Today felt like a Sunday. It's been a long time since I've been able to say that. For the past two months -- yes, it's officially two months today! -- days have drifted. There never feels like a set time for relaxing. Every day you feel guilty about either working too much or too little, and I think people would be surprised by just how often we are holed up in a coffee shop or next to our hot spot rather than out exploring.
We try to strike a balance. So when we woke up today, groggy-eyed and bundled under the sheets, and I reached for the phone to check the time -- 8:56 a.m. -- it finally felt like Sunday.
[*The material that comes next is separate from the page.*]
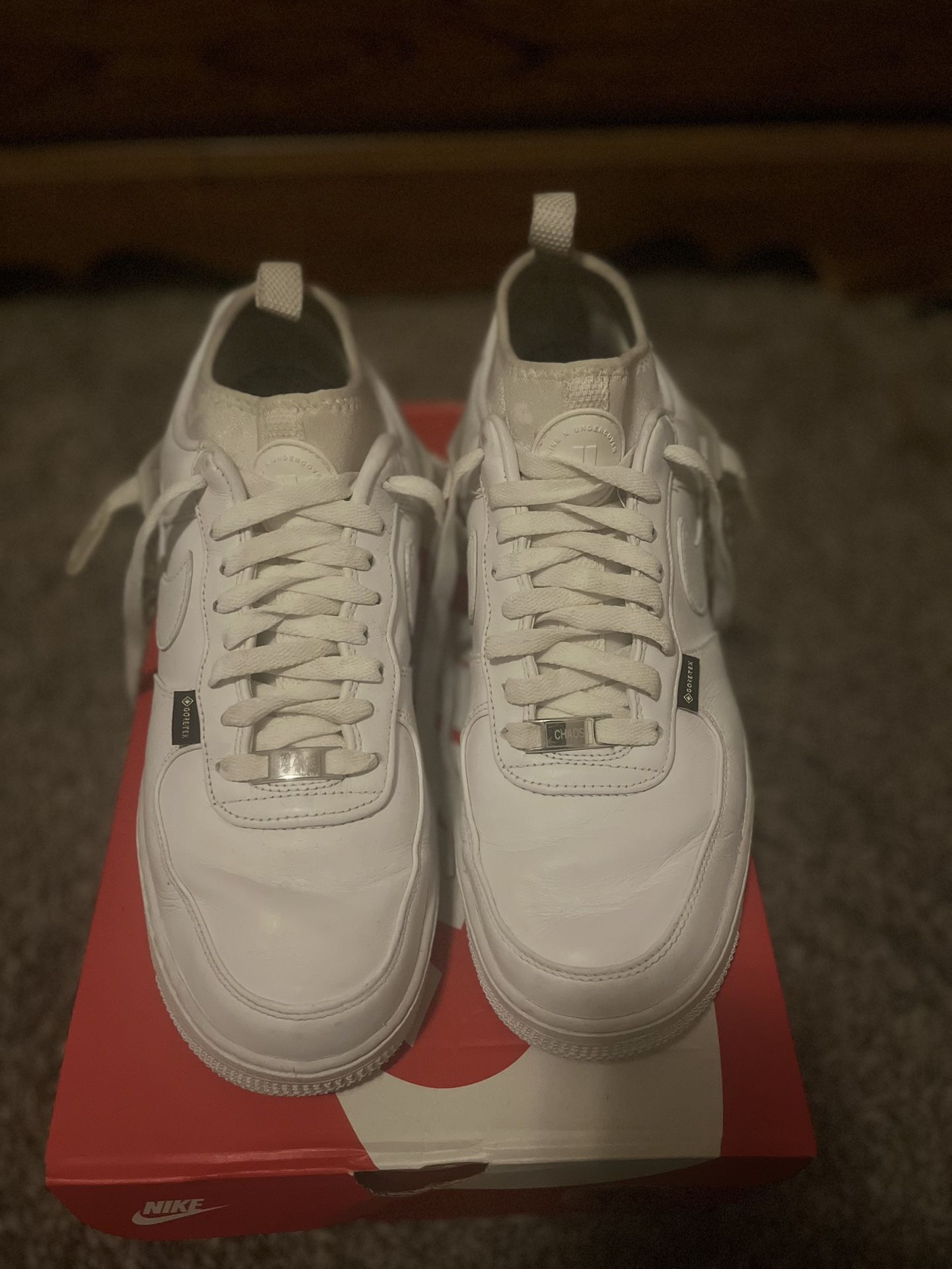 Nike Undercover Jun Takahashi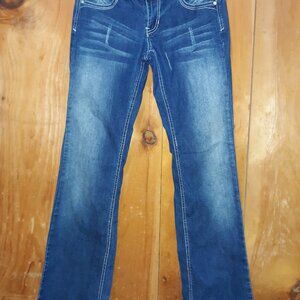 ((338)) Angels Jeans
We'd been up late the night before, Carson transcribing interviews for a big upcoming article and me up late working on spreadsheets and crunching numbers for the business I'm starting this spring. We'd also spent the previous 6 hours driving from Fort Yargo SP east of Atlanta down toward Mobile. Five hours in it occurred to us to call the park we were headed for -- Meaher SP -- to see if there was availability. Of course, us being us, there wasn't. They could get us in Sunday, but were full-up for the evening, busy with weekend campers. We pulled over at the nearest rest stop and started Googling nearby parks. In our earlier days of travel, this would have set us in a panic. But by now we knew the drill.
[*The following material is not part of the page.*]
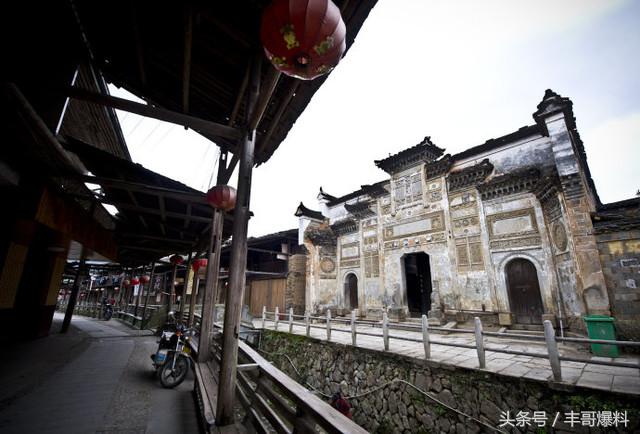 武夷山著名景点有哪些,武夷山大安源旅游景点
Carson found a park 15 miles away; I found one just outside of Mobile, but a good 45-minute drive. After busy signals and several calls, both said they could accommodate us, so long as we arrived before sundown. Itching to get some work in, we opted for the closer park. We turned down a state highway that passed by a towering state pen outside of Atmore, AL. Our first prison and our first cotton fields of the entire trip in one shot. Unfortunately, Little River State Park was not the "little known gem" its website so proudly proclaimed. Hookups were in the middle of an abandoned field, and "cabins" were actually a few single-wides near a lake. Stubbornly we stayed, ignoring all the warning signs. But after pulling Elsie through the rough, hole-pocked field, we found no working water at any of the scattered faucets.
We turned around, Carson got his refund, we pushed on.
Blakeley SP was only 50 minutes away, but we were fighting the quickly setting sun. Pushing 65, the limit for Elsie before we start to experience "sway", we made it just before the sun set. The proprietor was waiting for us, his porch light still on. I thought of Tom Bodett and the old Motel 6 commercials -- "we'll leave the light on for ya." He gave us site 8, "the best in the park" he muttered several times. We followed the gravel road to a huge pull-through site in the middle of a wooded area. It was a little rough, a little remote, but it would do.
Fast forward through hours of work, a little reading, and a good night's rest, and we met our first Sunday. I was the first to rise, heading outside for -- well, I won't sugar coat it for you: I had to pee. I was shocked to find bright, warm sun blinding me. I came back to report the good news. Carson opened the shade and basked in the light. "I could actually get a face tan," he joked. El Nino hasn't been kind to us. The sun, on a Sunday no less, felt kind of like a good practical joke.
I knew what to do: bake blueberry scones. Carson used to make me scones on Sunday night before I'd make the early morning drive to Durham, NC from Wilmington, NC -- a 3-hour trek both ways that I made weekly when we lived there. The habit stuck around long after my 4:00 a.m. Monday wake up calls. We'd occasionally make scones on a lazy Sunday, a little gesture that always said "I love you" without actually having to say it. We didn't have the right stuff for the real thing, but I keep baking mix on hand because I'm a 65-year-old deep down inside. I found a recipe online for baking mix scones, preheated the toaster oven and heated the kettle for our instant Maxwell House coffee.
It's not perfect, but this is as close to perfection as we get on the road. For a long time I've been thinking about how hard it is to take the compliment from friends, family and strangers that "we're so proud / inspired / happy that you're taking the this trip now, at your age." I always retort that they should ask us just how fun it is 6 months from now, when we're inevitably more road weary. I want to tell them that it's not easy. That it's exciting and rewarding, but also incredibly difficult and tiring and lonely sometimes.
But then we get a Sunday. And I think that we should just learn to take a compliment.